Mrs. Yifat Alon Perel, Director of Bilateral Trade and Economic Agreements at the Foreign Trade Administration and head of the Israeli negotiating team, said: “Free trade agreements constitute a significant infrastructural framework for Israeli exports. Today, some 65% of Israeli exports are directed to countries with which Israel has free trade agreements and this gives exporters customs benefits and a competitive edge, among other advantages. The Foreign Trade Administration continues to act for the benefit of exporters by ensuring their products remain competitive and by creating better access to new markets. This is done by striving to remove trade obstacles exporters may encounter when trying to enter new markets. As of today, Israeli industry enjoys a competitive advantage in Latin America in exports to the Mercosur bloc which includes Brazil, Argentina, Uruguay and Paraguay. Israel is the only non-Latin American country with an active free trade agreement with this important bloc. In addition, Israel has an active trade agreement with Mexico and two years ago signed a free trade agreement with Colombia which is expected to take effect in the coming year. Our goal is to expand the benefits Israeli industry enjoys to additional countries. The agreement with Panama will be the fourth one Israel has signed in Latin America. Strengthening economic relations with Panama is doubly important, both in opening new markets for Israeli industry but also in strengthening Israel’s position among Latin American countries”.

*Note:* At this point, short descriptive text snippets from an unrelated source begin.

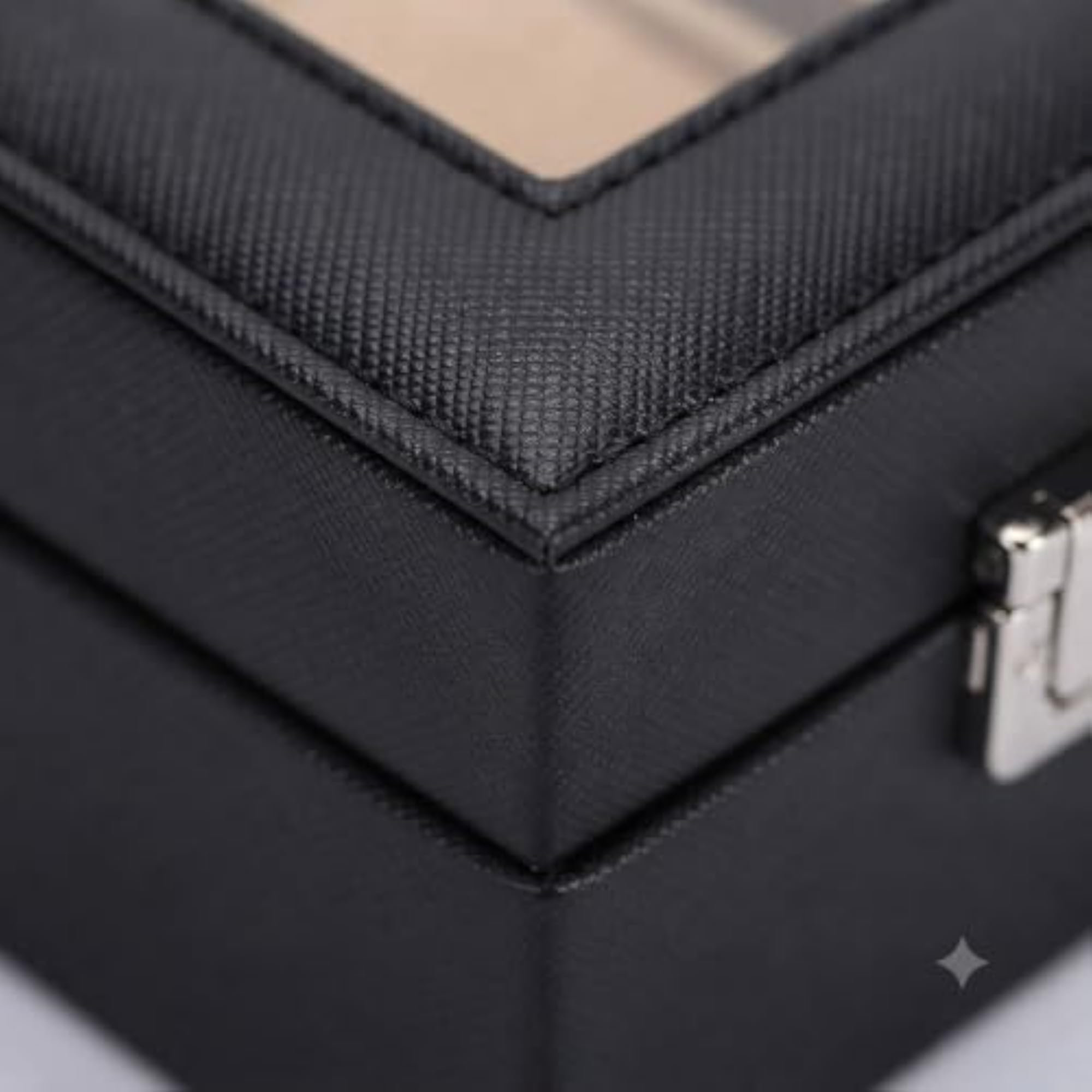 Multi-Layer PU Leather Jewelry Box Organizer for Women, Large Capacity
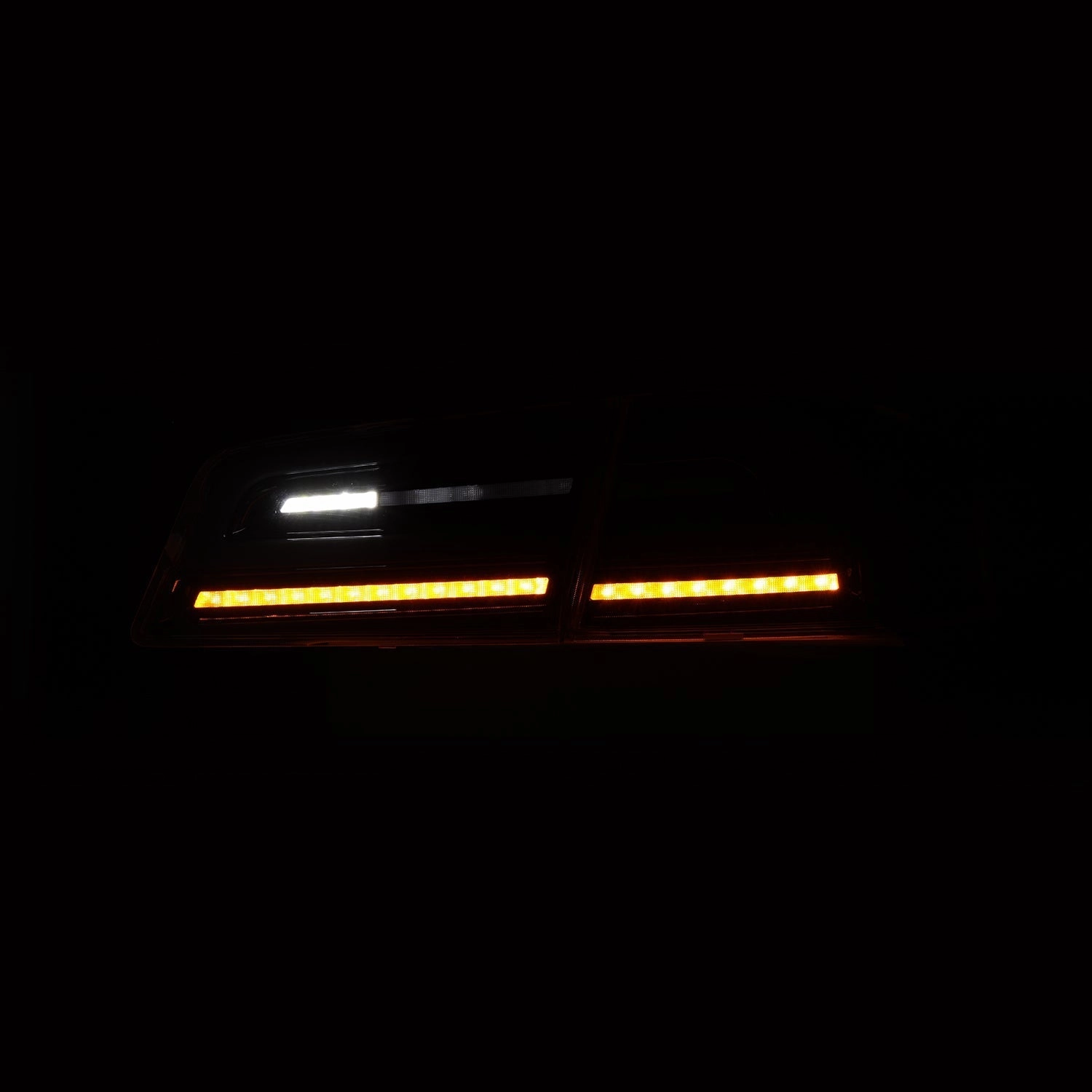 12-21 Tesla Model S LUXX-Series LED Tail Lights Black Smoke (With Black Trunk Center Piece Replacement)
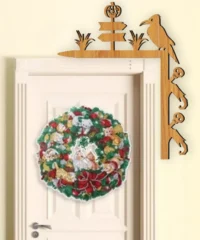 Ghost And Crow Halloween Door Corner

According to the Foreign Trade Administration at the Israeli Ministry of Economy, the economy of Panama is based mainly on a highly developed services sector, which represents more than three-quarters of the country’s GDP, and includes management of the Panama Canal, logistics, banking, the Colon Free Trade Zone, insurance, operation of the ports, shipping registration and tourism. The rate of economic growth in Panama reached 8.4% in 2013 and 6.2% in 2014, significantly higher than the average for Latin America and the Caribbean Islands (1.7% in 2014, according to World Bank data). Panama’s growth is attributed among other things to the widening of the Panama Canal, begun in 2007 at a cost of $5.3 billion. Additional infrastructure development projects expected to take place may also draw Israeli companies with relevant experience.

The country’s modest exports reach only $25 million, but may grow in light of the agreement and in light of Panama’s role as a bridge to other countries in the region.